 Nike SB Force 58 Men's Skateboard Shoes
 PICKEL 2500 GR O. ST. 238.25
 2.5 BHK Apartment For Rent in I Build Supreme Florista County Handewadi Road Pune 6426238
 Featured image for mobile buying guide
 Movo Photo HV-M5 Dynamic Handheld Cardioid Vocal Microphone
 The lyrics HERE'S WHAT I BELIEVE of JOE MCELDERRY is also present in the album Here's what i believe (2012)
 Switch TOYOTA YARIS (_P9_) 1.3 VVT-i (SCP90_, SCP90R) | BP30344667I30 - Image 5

▶ BRIEF: Once you have read the listing, copy it out exactly.

▶ YOUR SOLUTION:
 Nike SB Force 58 Men's Skateboard Shoes
 PICKEL 2500 GR O. ST. 238.25
 2.5 BHK Apartment For Rent in I Build Supreme Florista County Handewadi Road Pune 6426238
 Featured image for mobile buying guide
 Movo Photo HV-M5 Dynamic Handheld Cardioid Vocal Microphone
 The lyrics HERE'S WHAT I BELIEVE of JOE MCELDERRY is also present in the album Here's what i believe (2012)
 Switch TOYOTA YARIS (_P9_) 1.3 VVT-i (SCP90_, SCP90R) | BP30344667I30 - Image 5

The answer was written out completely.